Dear Friends of IRAC,

I am drawn again and again to A Tale of Love and Darkness, Amos Oz’s memoir of his early life in a young and bewildered Israel, a country which does not even formerly exist as such until a couple hundred pages into the book. 

Every Yom Ha’atzmaut, Israel’s independence day, I think back to the passage in which Oz describes crawling into bed at three or four in the morning, still fully dressed, after celebrating the U.N.’s vote to create the state of Israel.

As a child, Oz understands the solemnity of the event, its historical dimensions, from observing the actions of his father, who lies down next to him and does something so out of character: he cries – tears of joy.  And, in amazement, Oz takes note of his father’s reaction:

“I reached out sleepily to touch his face, just below his high forehead, and all of a sudden instead of his glasses my fingers met tears.  Never in my life, before or after that night, not even when my mother died, did I see my father cry.  And in fact I didn’t see him cry that night either: it was too dark.  Only my left hand saw.”

Only his left hand saw.  We remain in this moment with him – still our hand searches in the dark, tries to reach back in time to touch the moment of Israel’s creation, to grasp even a bit of what it must have been like to live through that time. 

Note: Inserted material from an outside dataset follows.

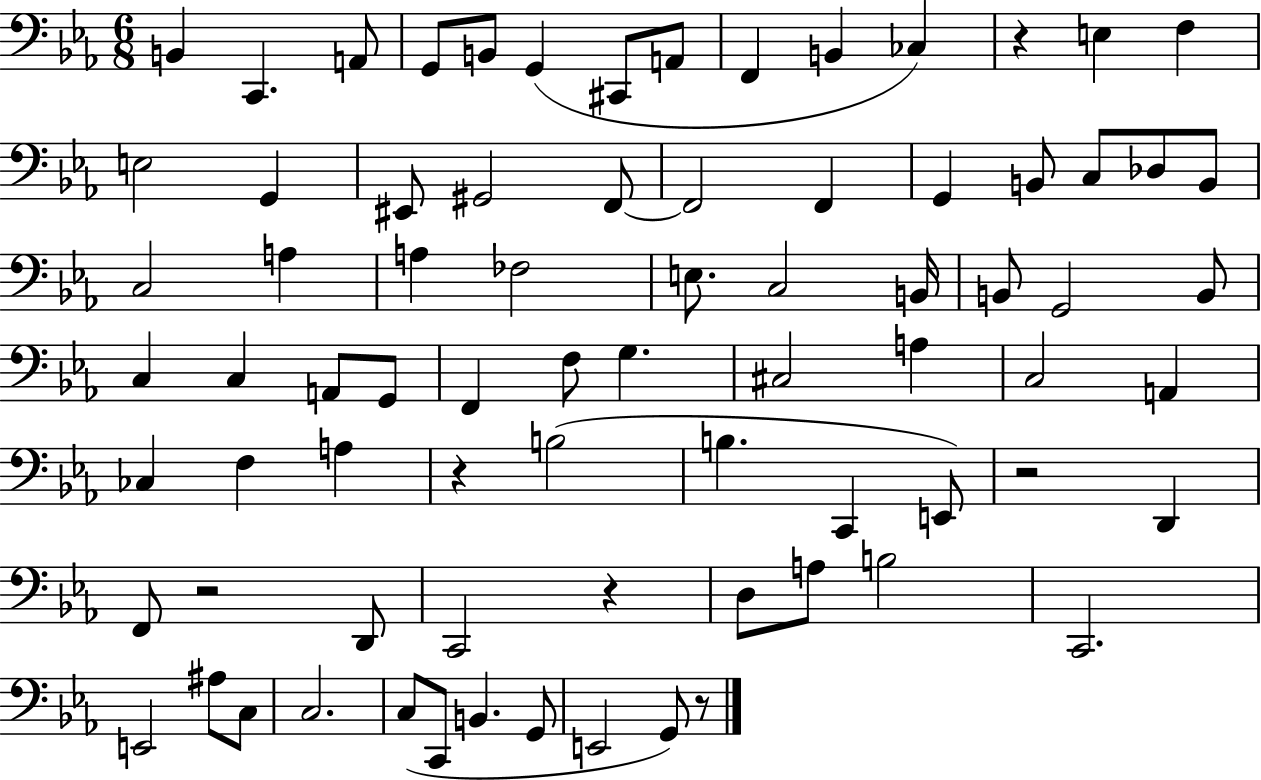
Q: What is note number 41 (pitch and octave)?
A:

Oz does not choose the more reliable senses of sight or sound to translate the emotional incredibleness of one night years ago.  He uses touch; and while we might imagine the sensation of hot tears on skin, something remains always out of our reach. 

Oz, one of our greatest writers, comes close to but cannot pin down the ineffableness of that moment.  Emotionally we get it, but putting it into words is like assembling a puzzle in a dream.  But Oz invites us to try – with all our senses. 

So I challenge you to do the same. Celebrate the event that made even Amos Oz’s father cry with joy. Tonight, as we move from Yom HaZikaron, Israel’s memorial day, to Yom Ha’atzmaut, let’s celebrate with all our senses.